■ Work task
Exactly as written, set down each line of the data below except its pictures.

■ Stored dataset items

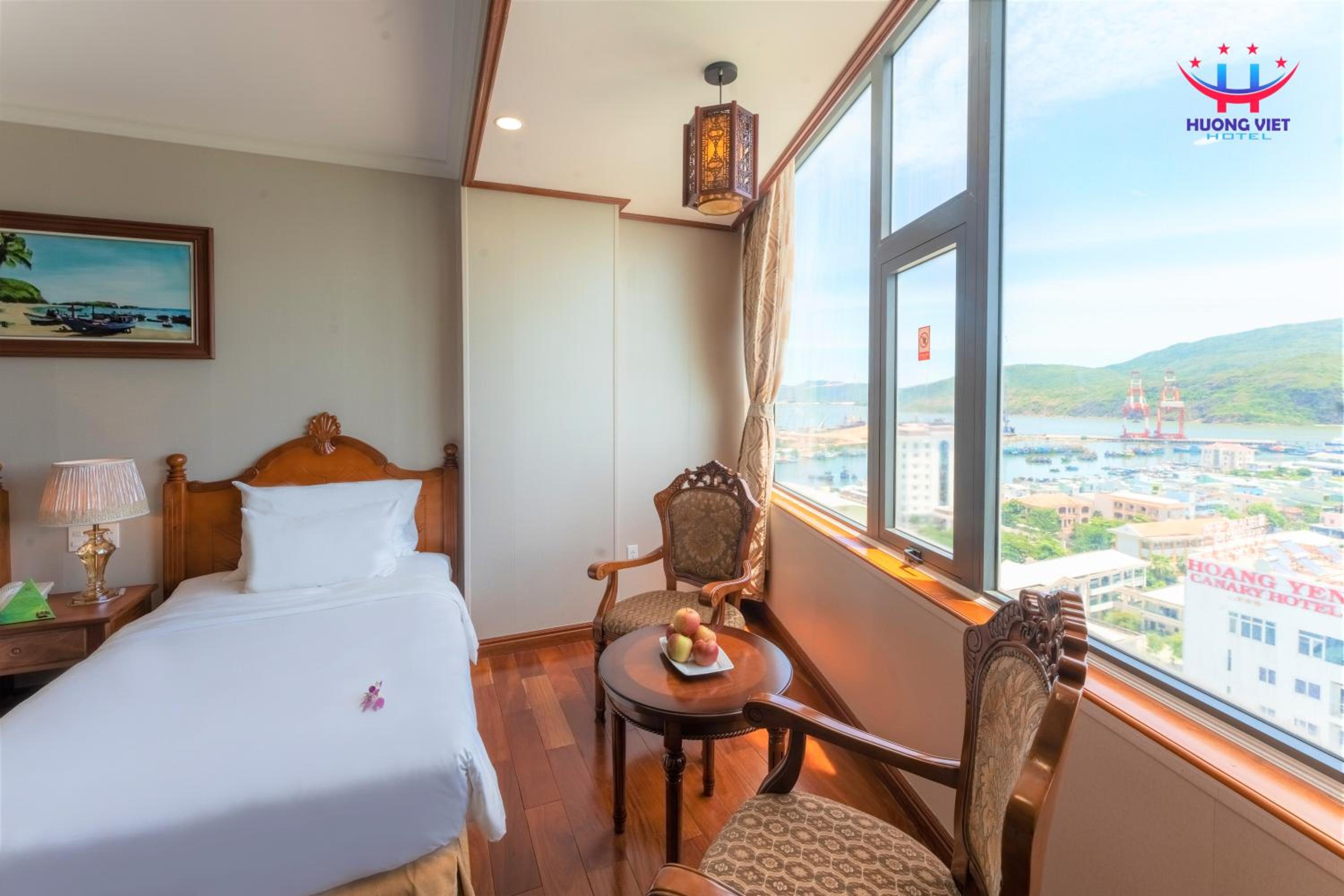 Deluxe Twin Room With Port View photo 2
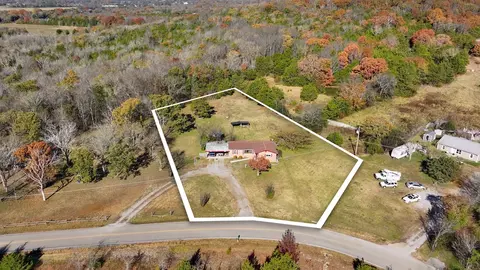 6381 Manus Rd, Murfreesboro, TN 37127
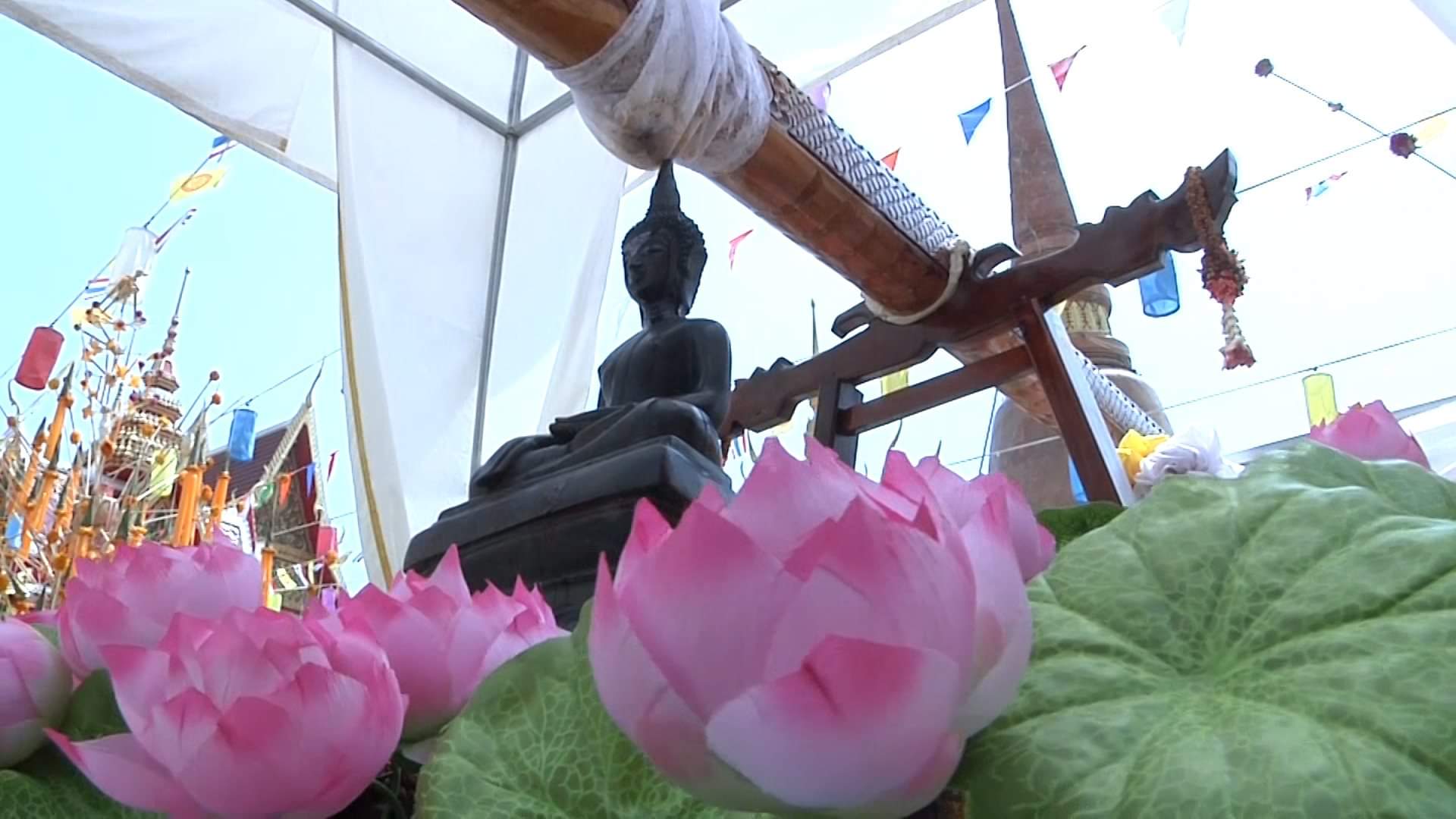 คนขอนแก่นขอพร 'พระพุทธพระลับ'  ขอความสงบสุขกลับคืนอีกครั้ง 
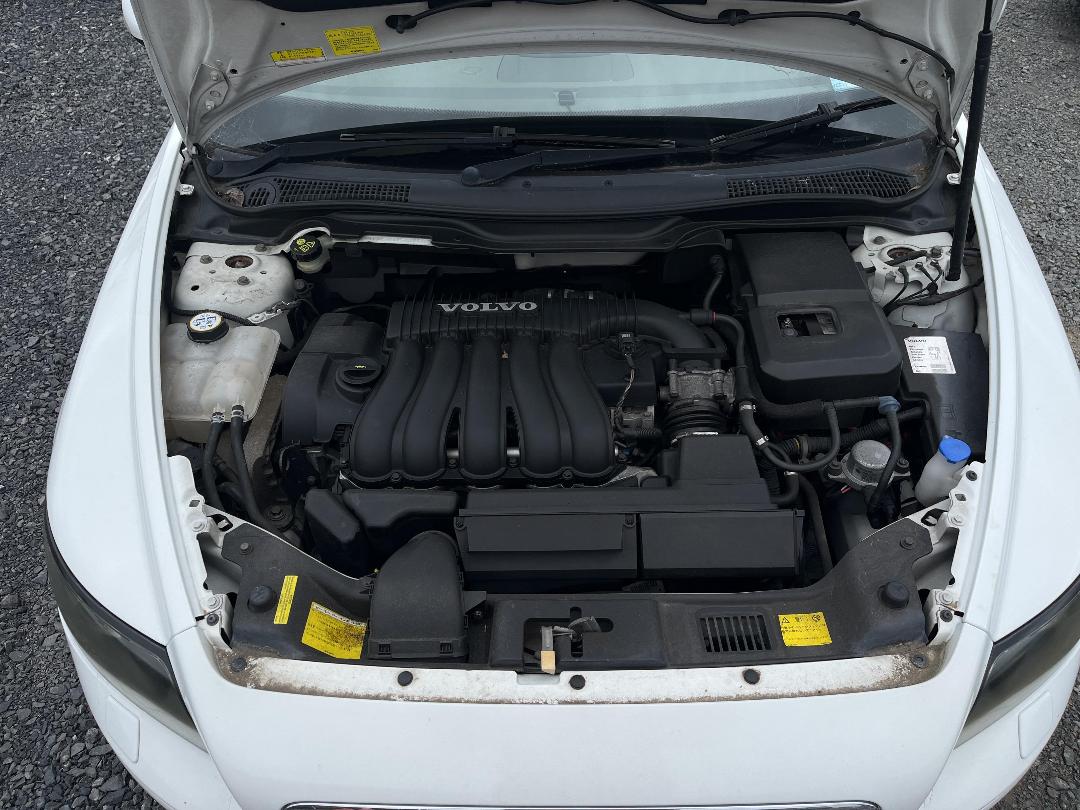 Photo '11' of Volvo S40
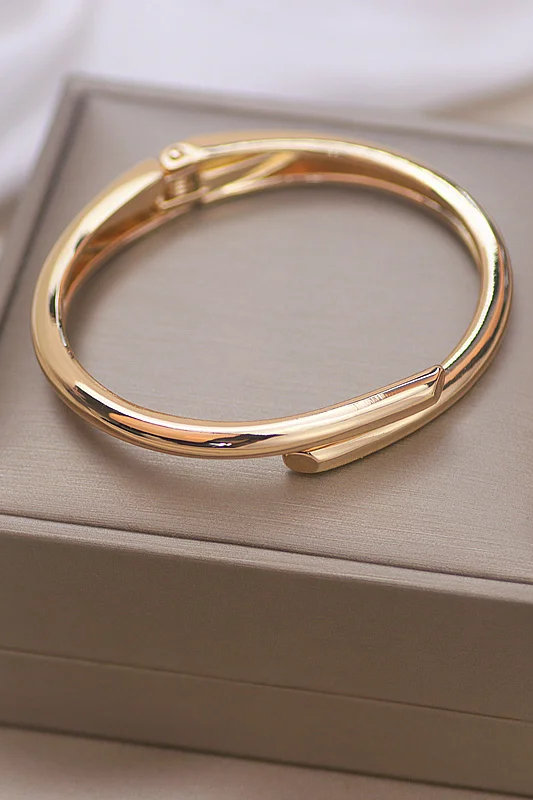 0-d38126.jpeg 0-d38126.jpeg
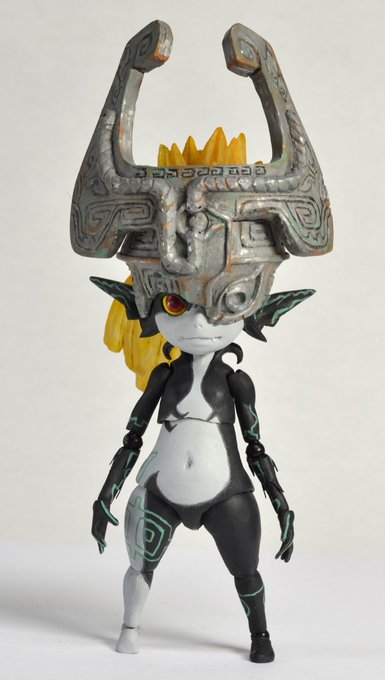 一番最初にミドナのアクションフィギュア作った際撮った写真。
体のラインはかなり大袈裟になったけどそれが自分の好みなので仕方ないね!
もう10年ほど前の作品です。(h 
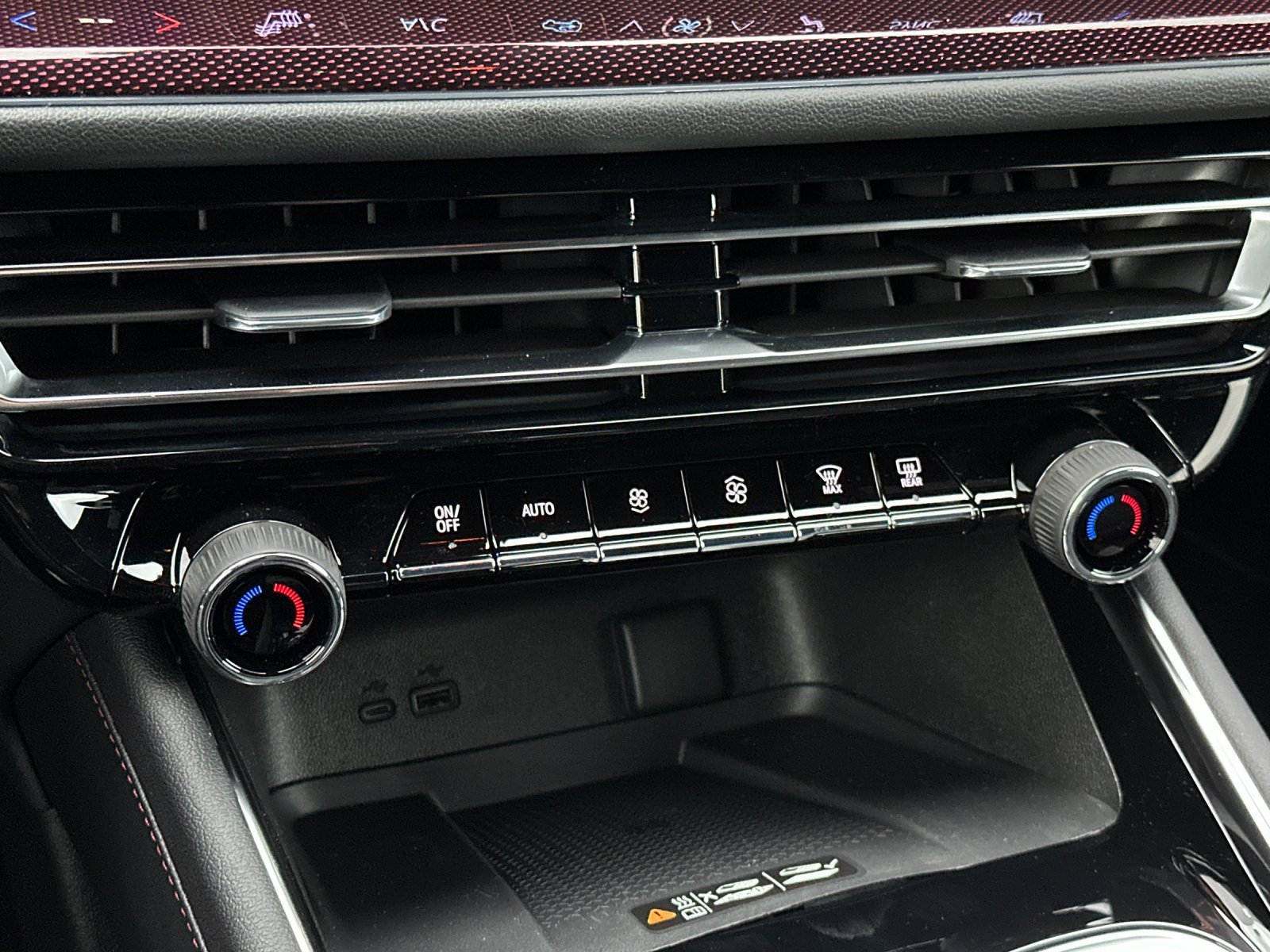 New 2026 Chevrolet Traverse Z71 image 26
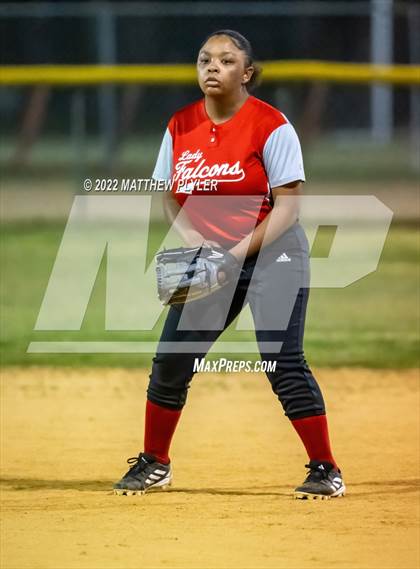 Thumbnail 2 in Terry Sanford @ Seventy-First photogallery.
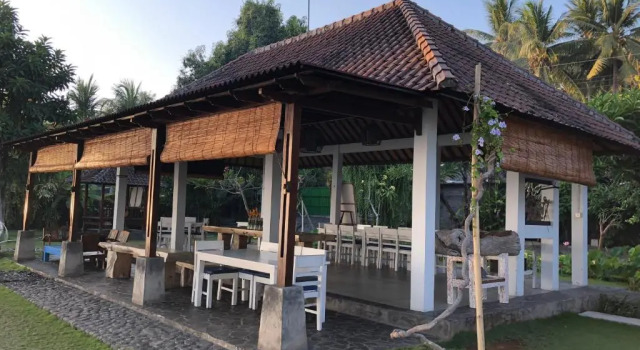 Вилла с 2 комнатами Air Sanih Beach Villa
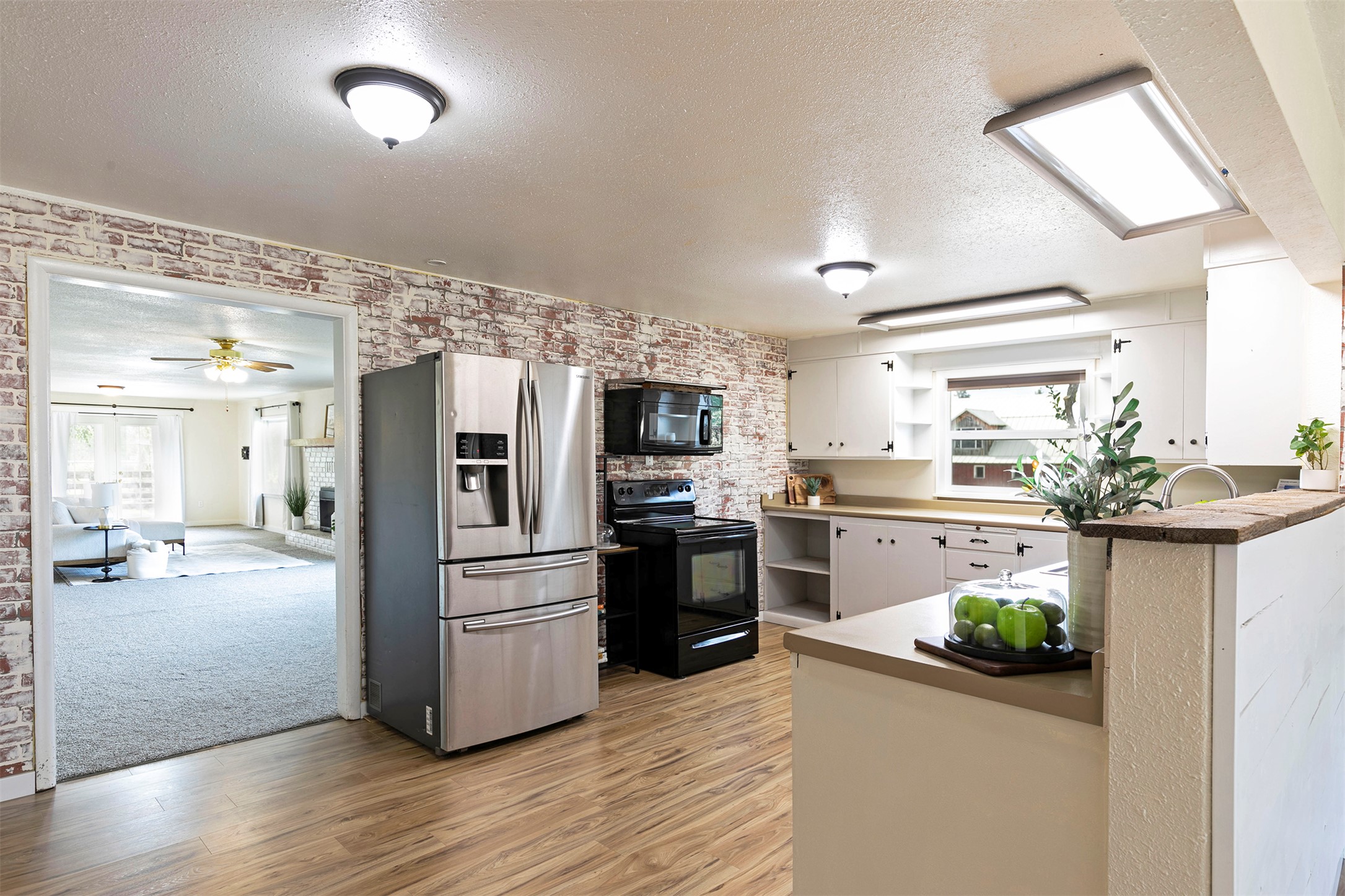 Florence, Montana 59833, United States, 4 Bedrooms Bedrooms, ,3 BathroomsBathrooms,Residential,Active,162073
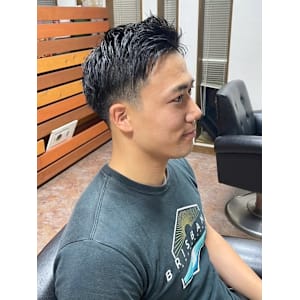 刈り上げショート ビジネススタイル アップバング 束感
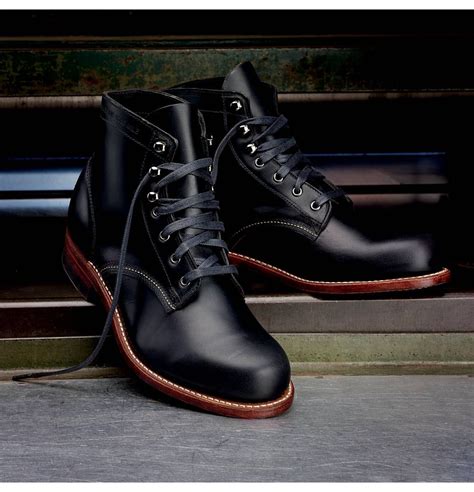 1000 Mile Plain-Toe Original Boot | Ankle boots men, 1000 mile boots ...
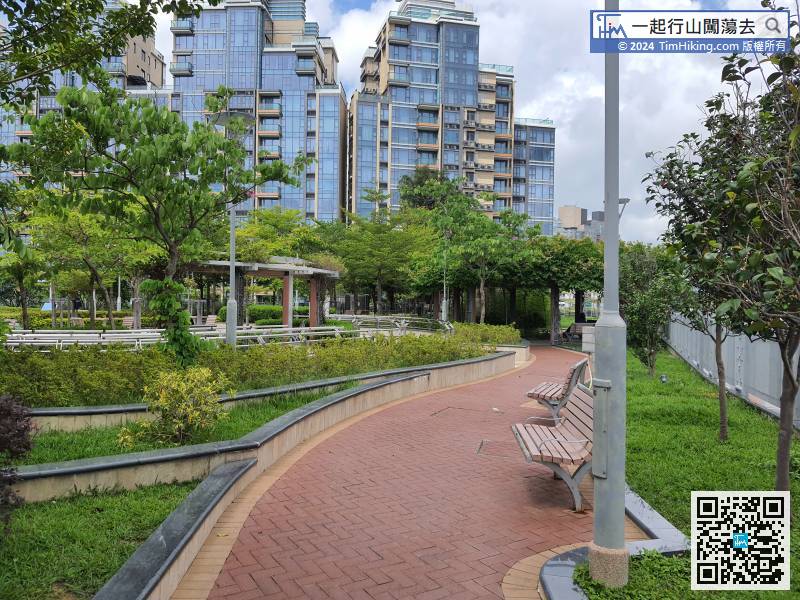 Go through the Chung Yee Street Garden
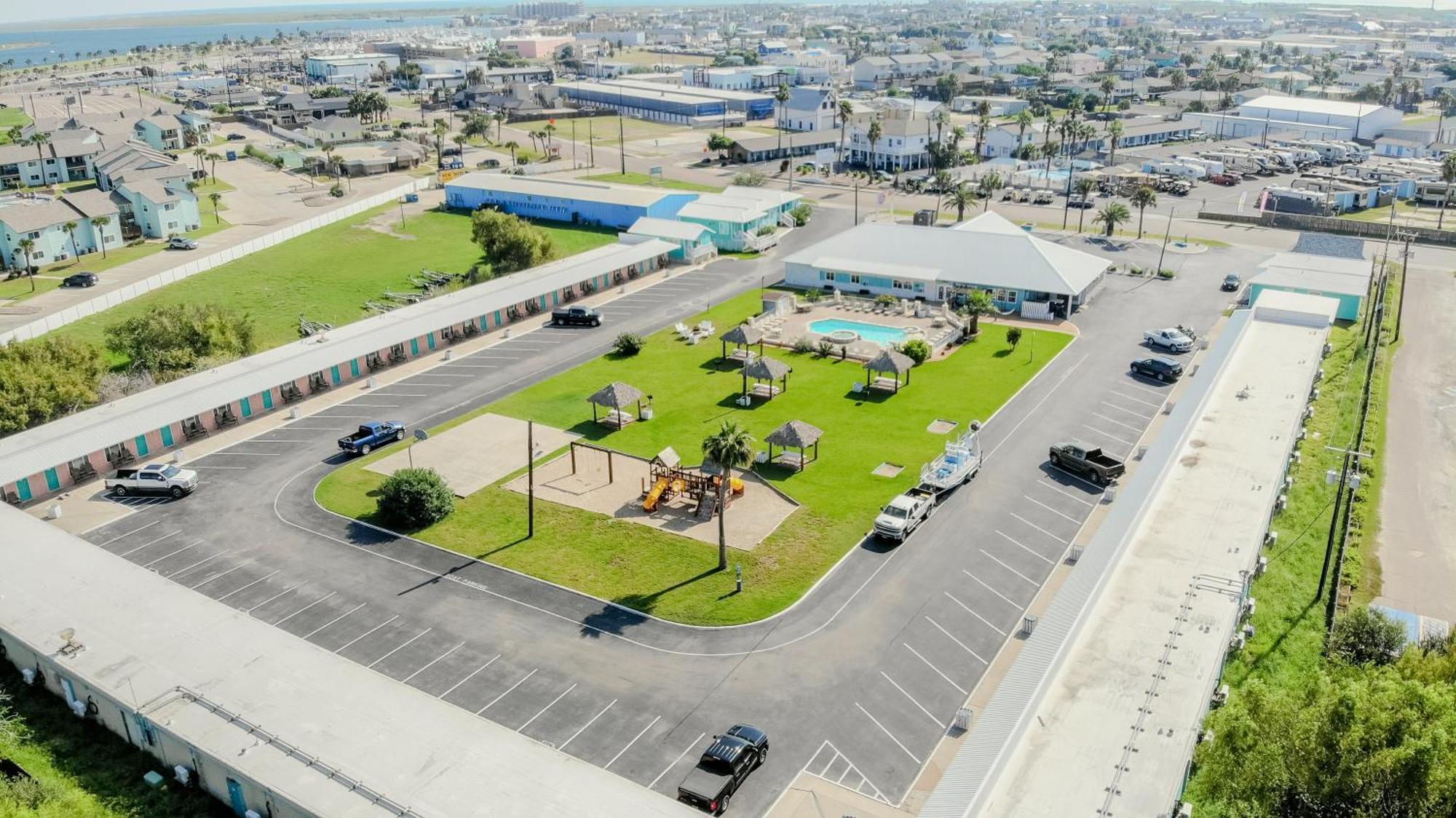 Shark Reef Resort Motel & Cottages Port Aransas Exterior photo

■ Answer to this exercise
 Deluxe Twin Room With Port View photo 2
 6381 Manus Rd, Murfreesboro, TN 37127
 คนขอนแก่นขอพร 'พระพุทธพระลับ'  ขอความสงบสุขกลับคืนอีกครั้ง 
 Photo '11' of Volvo S40
 0-d38126.jpeg 0-d38126.jpeg
 一番最初にミドナのアクションフィギュア作った際撮った写真。
体のラインはかなり大袈裟になったけどそれが自分の好みなので仕方ないね!
もう10年ほど前の作品です。(h 
 New 2026 Chevrolet Traverse Z71 image 26
 Thumbnail 2 in Terry Sanford @ Seventy-First photogallery.
 Вилла с 2 комнатами Air Sanih Beach Villa
 Florence, Montana 59833, United States, 4 Bedrooms Bedrooms, ,3 BathroomsBathrooms,Residential,Active,162073
 刈り上げショート ビジネススタイル アップバング 束感
 1000 Mile Plain-Toe Original Boot | Ankle boots men, 1000 mile boots ...
 Go through the Chung Yee Street Garden
 Shark Reef Resort Motel & Cottages Port Aransas Exterior photo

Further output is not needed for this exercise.